# Sir Lefty Buttons.



## Sweeda88 (Dec 6, 2010)

I just had to put Sir Lefty Buttons down. I buried him in a teal pot with a trio of pink Snapdragons. He's in a better place now. I'm going to miss him so much. He was my first and only Crown Tail. I'll miss his wiggle dance and him smacking his lips at me. I'll miss everything about him. RIP, Sir Lefty. You were my most oddly named fish. I hope you make the flowers you now nourish beautiful and healthy. I'll never forget you.


----------



## Bettaluver4evr (Jan 21, 2011)

I'm so, so sorry sweeda!  That's awful. I'm sure he's swimming around healthy and blissful in betta heaven, missing you.


----------



## Sweeda88 (Dec 6, 2010)

I know he is. I can't stop crying. It's one thing to have a pet die, but to have to put them out of their misery yourself is HORRIBLE. I hope you never have to go through it!


----------



## Bettaluver4evr (Jan 21, 2011)

I'm so sorry, I know what you are going through. I have before.  It was so awful. A little betta rainbow caught ich, and his ignorant owner got the wrong meds and he was suffering. So I had to euthanize. I cried all night! Might have to do it again soon, Dumbo has ich and he's not responding well to water changes and rid-ich.  Going to try to get some AQ salt as soon as I can, but I think it's too late.  I'm so sorry about Sir Lefty!  Fin rot is just terrible, isn't it?


----------



## Sweeda88 (Dec 6, 2010)

Yeah, it is.


----------



## denaliwind (Feb 27, 2011)

Virtual hugs for you.


----------



## dramaqueen (Jul 7, 2008)

I'm so sorry about Sir Lefty. He was beautiful. "hugs"


----------



## Sweeda88 (Dec 6, 2010)

Thanks. I loved him so much. His beautiful rainbow of colors was the reason I got him. He was a sweetheart. And thanks for the hugs!


----------



## fleetfish (Jun 29, 2010)

You did the right thing. I've had to do it many times, and it never ever gets easier. He'll be waiting for you .... <3


----------



## Sweeda88 (Dec 6, 2010)

Thank you. It was extremely hard, as I've said many times. I couldn't have done it if I thought he would survive.


----------



## TheKingsFish (Jan 8, 2011)

I'm sorry about Lefty, Sweeda. And that numb skull telling you you could have done more can't be helping either. I feel sorry for his bettas.


----------



## tokala (Feb 20, 2011)

Sorry for your loss, thinking of you!


----------



## Sweeda88 (Dec 6, 2010)

Thank you, everyone. I love you guys for your support. I will miss Sir Lefty Buttons. His funny name and actions were awesome.


----------



## SillyCone (May 7, 2011)

Sweeda, we had a totally bad start, I apologise for the trouble I caused.

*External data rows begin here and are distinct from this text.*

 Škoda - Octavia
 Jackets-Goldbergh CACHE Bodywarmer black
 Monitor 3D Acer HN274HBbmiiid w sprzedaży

Might not be much but I had a total struggle to revive my bad-functioning tablet to make this drawing for you:










A drawing that would take me 5 minutes took 30 for the tablet is almost unable to draw at and because since I uninstalled photoshop I had to draw at DeviantArt Muro.

Well, is not that bad, hope you like it though, when I raise enough money again and don't spend it on aquariums I might buy a new tablet and make you a new drawing, a good one this time


----------



## naturegirl243 (Aug 1, 2010)

I'm sorry about Sir Lefty. SillyCone that is a beautiful drawing I'm sure Sweeda will love it.


----------



## Sweeda88 (Dec 6, 2010)

Thanks, SillyCone. It's beautiful. =) Thanks, naturegirl243.


----------



## wallywestisthebest333 (Nov 30, 2009)

I never knew you or Sir Lefty Buttons while he was alive but I feel your pain. :[ One of my boys passed over Spring Break. It really broke my heart to see him go.
He's swimming with the Lord now. <3
The place that you decided to bury him sounds lovely! <3 What a wonderful final resting place! <3


----------



## Sweeda88 (Dec 6, 2010)

Yeah, I think I'm going to make a label for the pot that says "Here Lies Sir Lefty Buttons."


----------



## dramaqueen (Jul 7, 2008)

Your drawing is beautiful, SillyCone.


----------